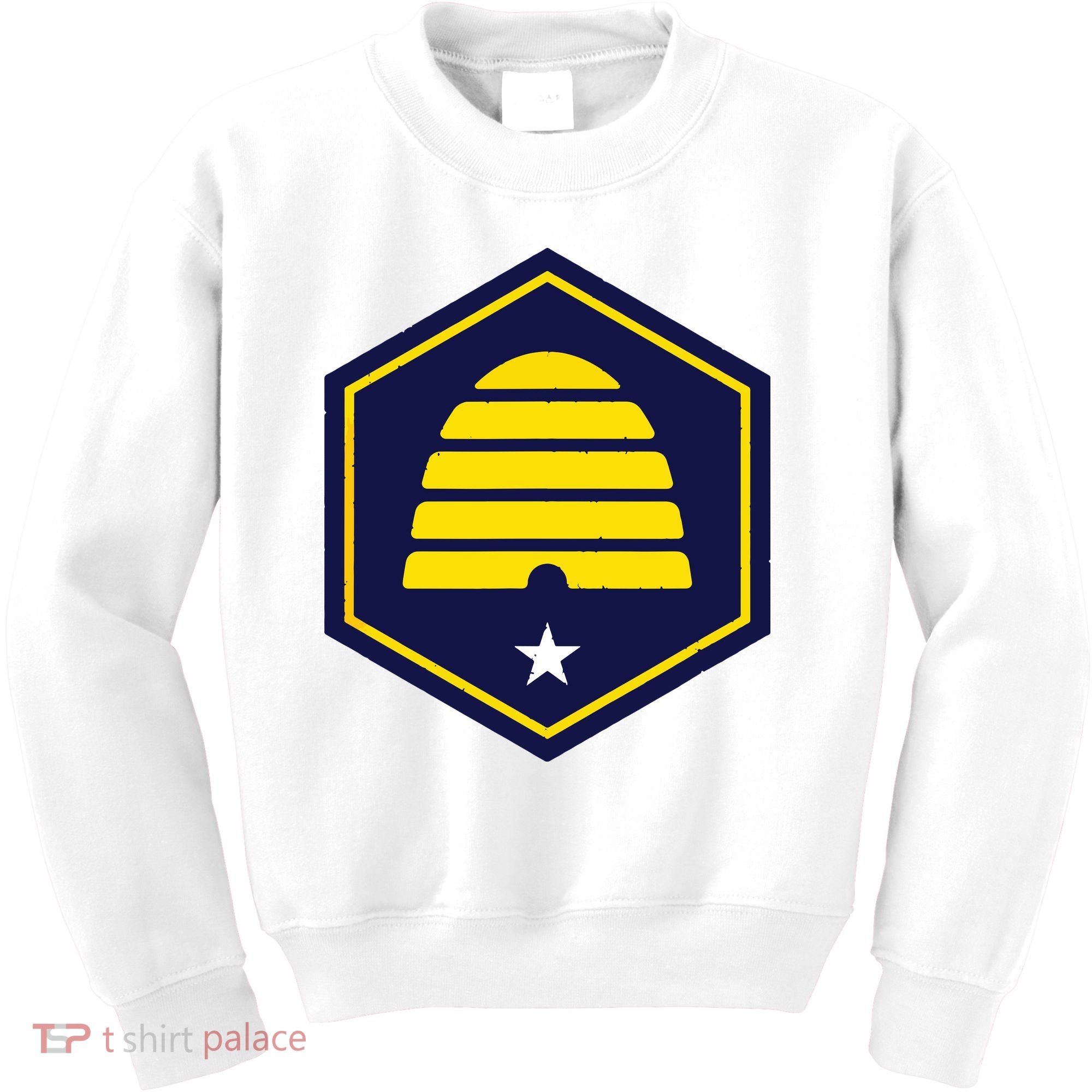 New Flag Of Utah Beehive Symbol Kids Sweatshirt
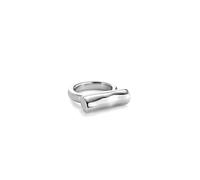 UNOde50 Bague en argent plaqué avec tube horizontal
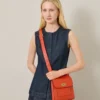 Small Antony Coral Orange Small Classic Grain Women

Work order
Copy the material above word for word, images excluded.

Task answer
 New Flag Of Utah Beehive Symbol Kids Sweatshirt
 UNOde50 Bague en argent plaqué avec tube horizontal
 Small Antony Coral Orange Small Classic Grain Women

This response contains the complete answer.